Illiteracy remains widespread despite the enormous (albeit incomplete) gains the world has made toward universal primary enrollment since the MDGs were announced.  In India, over 90 percent of illiterate 12-year-olds are enrolled in school, most in sixth grade or higher.  In Kenya and Tanzania over 80 percent of illiterate 12-year-olds are enrolled, and in Pakistan about 70 percent.  

SDG Goal Four: Focus on Ending Illiteracy

These figures underscore the gap between universal schooling and quality education — where quality is defined not just by a school building or book, or any other set of inputs, but by measurable, quantifiable progress on basic learning indicators.  The new SDGs offer a chance to shine a light on that gap, and reorient the policy conversation (at least among international types). 

An added bonus of teaching all kids to read and do basic arithmetic is that it automatically addresses another important piece of the SDG agenda: inequality between genders, classes, and social groups, and the special deprivation of people with disabilities.  The beauty of a 'zero goal' (i.e. zero illiteracy and zero innumeracy) is that it applies to everyone, and prioritizes progress at the bottom of the distribution.

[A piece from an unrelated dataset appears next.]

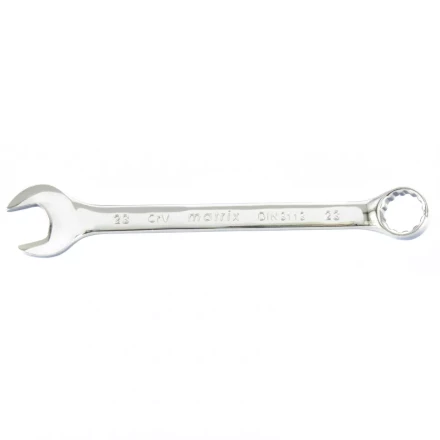 Ключ комбинированный 23 мм CrV полированный хром MATRIX 15168 купить в Ханты-Мансийске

Compared to the clear and compelling case for universal literacy, the language in the current SDG draft is muddled and evasive.  The draft text of the education goal can basically be divided into statements that are (a) too vague to be enforced, (b) too ambitious to be remotely realistic, or (c) that simply confuse means and ends. (See my color-coded markup of the draft SDG text here).

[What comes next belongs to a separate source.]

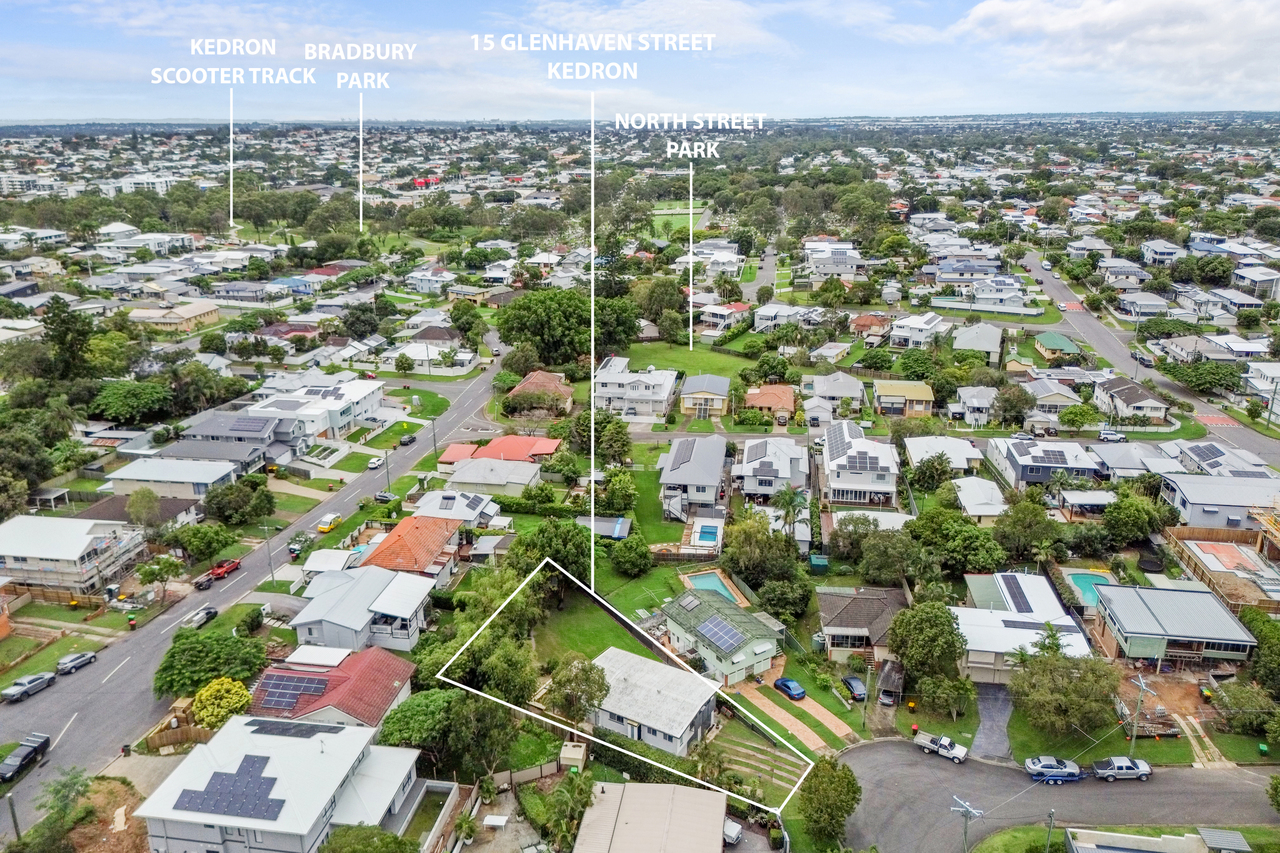 3-bedroom house at 15 Glenhaven Street, Kedron, QLD 4031, , Queensland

To be morally serious, these goals must be achievable. For many UN member states, universal secondary education is simply not achievable by 2030, and pursuing this as a target is likely to be highly inequitable.  A good start would be to scrub the word "secondary" from the universal completion target in 4.1 so it reads “by 2030 ensure that all girls and boys complete free, equitable and quality primary education leading to relevant and effective learning outcomes.”

To be useful guides to policy, the goals must also be measurable.  This is where the current draft fails most.  Vague phrases like "life-long learning opportunities" offer no measurable targets to guide policy efforts, or any hope of knowing if we've succeeded or failed come 2030.   

The universal literacy and numeracy target in the current draft is measurable, and with considerable effort, achievable.   Succeed or fail, the distributional implications of an international effort to tackle illiteracy and innumeracy would be highly progressive (unlike the risks of investing in, say, a failed tertiary scholarship program), and the promise of a clear, objective target opens up the possibility of transparent accounting for results.  The UN would do well to elevate this target from an afterthought (currently target 4.6 out of seven) to the top of the list, or—even better—to the level of the main goal.  

Disclaimer

CGD blog posts reflect the views of the authors, drawing on prior research and experience in their areas of expertise. CGD is a nonpartisan, independent organization and does not take institutional positions.